Many entrepreneurs hold the belief that the ultimate success or failure of their fledgling company rides only on the obvious factors; having a great team, disruptive technology, and advantageous market timing. But the devil is in the details – and entrepreneurial ventures are full of details. It is quite often the little things that create an avalanche of success, or failure.
In Malcolm Gladwell’s book, The Tipping Point, the concept that small changes can lead to upheaval was presented. Gladwell defines a “tipping point” as “the moment of critical mass, the threshold, the boiling point”. One example given was the reduction of crime in a neighborhood that started by fixing broken windows, which led to increased pride and solidarity between the community residents.

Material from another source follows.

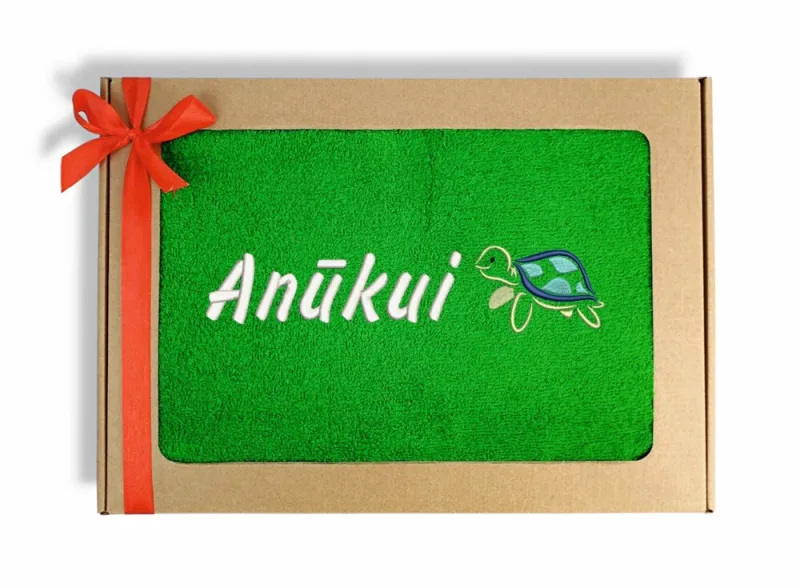 Siuvinėtas rankšluostis su vėžliuku „Anūkui“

In a startup, this boiling point is a double-edged sword and has many complex components. The escalation of events either leading to a positive IPO or acquisition begins many months before success is clear. Likewise, events leading to failure can begin to drive towards critical mass even when all outside indicators are positive.
As an example, one startup that I joined during the seed stage garnered lots of Silicon Valley attention, yet never fully lived up to its promise. On the Executive team were former Vice Presidents from a company that had been one of the top IPOs of the decade, as well as several PhDs from a renowned national engineering school. Money poured into to the deal from top VC firms both in the US, and internationally. All was looking up and the six of us who joined early started secretly shopping for BMW M5s and Porsches.
Then small things began to happen. The new CEO had personal issues and was distracted. Some key engineers chose not to accept offers. The website cost much more than anticipated. The snowball had begun – and culminated in a one year product delay that could have been prevented if an engineering corner hadn’t been cut to try to meet an impossible schedule.
The VCs cut staff to reduce burn rate, and the company (which shall remain unnamed) was sold, unceremoniously, to a large multinational corporation for much less than it could have commanded if the technology had been introduced on time.
One of the biggest issues leading to the engineering mistakes was the environment, which was the end product of all the small issues that eroded morale.
The tipping point works in a positive way too, although statistics prove that most startups do end up tipping negatively. An example of a successful startup was a customer of mine during the 90s – I saw the positive small steps move towards a successful product launch and eventual IPO as an observer rather than team member, but they were no less memorable to me.
The key technical team members had a complete “can-do” attitude. No problem was insurmountable. The whole team spent time daydreaming about how their product would take the world by storm (which it did). The key hardware guy worked out of his home in the company of one very friendly dog, whose warm nose and wagging tail added to the positive environment. I counted him a member of the team.
The team communicated well with outside resources and told their story well. At least in the early stages (before the company peaked and hit maturity in later years), Executive staff decisions were made well. And issues were resolved very quickly, before they had time to start any negative avalanches.
The first company? You would never remember its name, as it faded quietly into obscurity. The second company? Palm. Although the post IPO track record of the company became less than spectacular (mostly due to the dot Com bubble), no one can argue that the Palm Pilot wasn’t wildly successful as a product in the 90s. The definition of success of a startup is a great IPO or acquisition – and Palm does qualify here. The rest of the story post acquisition is more of a statement against the acquirers, than the company itself. 3COM and HP have both seen their tipping points come, and go.